Sunday, April 4, 2010

In the twilight zone with Coetzee

What it's like to delve into the heart of darkness with a great author…

I have just read two books by J.M.Coetzee in quick succession and I wonder how long it will be before I can pick up a book by another author and not fling it away as meaningless. I know that I will recover and the spell that Coetzee has created will pass; in time the whirlwind will die down, the mind will stop trying to hold on to phantom images floating in the half-light or to find rational answers to questions that are not meant to have any answers.

But for the moment, I drift with Coetzee in the twilight zone — somewhere between life and death, between the known and the unknown, between certainty and doubt.

Led by Dostoevsky
In the first of the two books, The Master of Petersburg, one is led there by none other than Dostoevsky himself, who has, in this imagined episode, been called back to Petersburg from Dresden by the death of his stepson. Petersburg was never just another city to Russian writers. Gogol portrayed it as the capital of alienation, illusion and deception in his soul crushing Tales of Petersburg, a city where human greed and vanity ruled supreme. And Dostoevsky, credited with saying that the whole of Russian literature came out of Gogol's Overcoat, added a dimension of fantasy to the city. In the fevered imagination of his characters, it became a fog-bound city of hallucinations, visions and dreams; its long summer daylight could not only enchant but also play havoc on sleepless minds and tortured nerves.

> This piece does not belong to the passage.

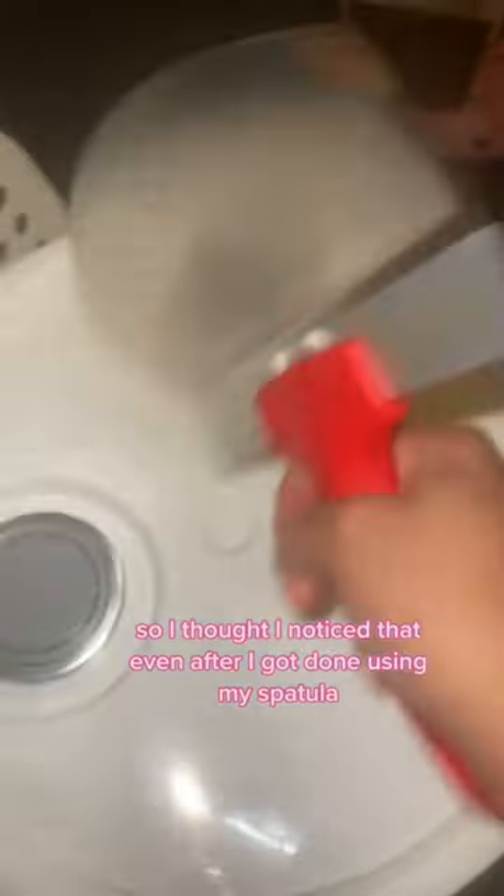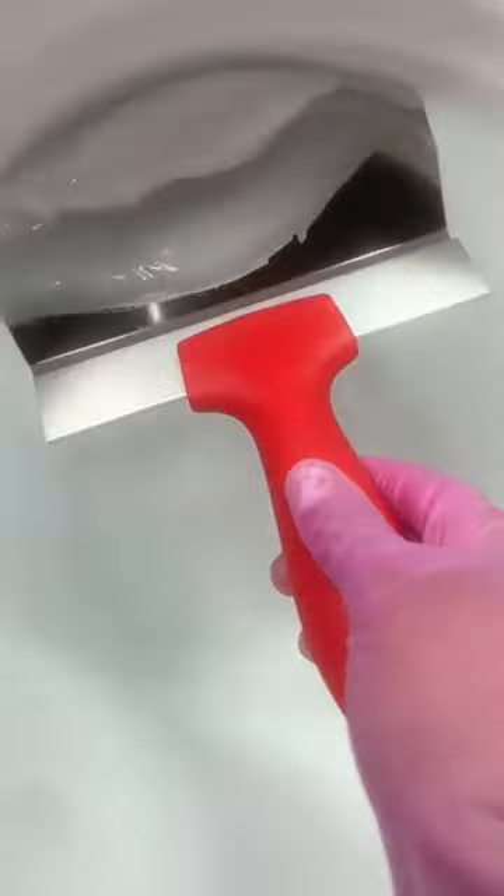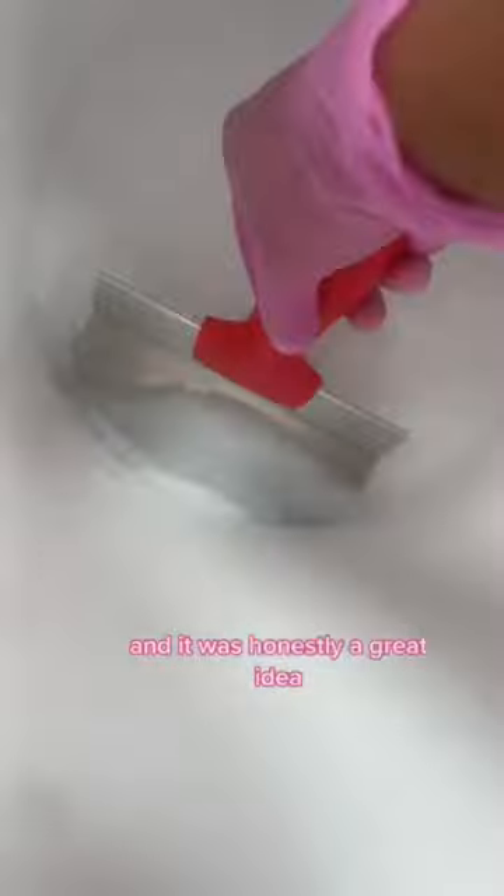I'm finally done with my 5 gallon lotion base, so I thought. I noticed that even after I got done using my spatula that I had a lot of product left. So I decided to purchase a bucket scraper from Amazon because I see Kiki's Cosmetics used this for her lip gloss and it was honestly a great idea.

In Coetzee's novel, the ghostly visions of this city are always at hand as Dostoevsky struggles to come to terms with the death of his stepson, in the process entering headlong into unexpected political intrigue and conflict. He takes over the room where his son lodged and forges ambiguous relationships with the landlady and her young daughter, to whom his son was not just a lodger but a hero, a revolutionary in the making, a man recovering from a lost childhood, even from a selfish step-father.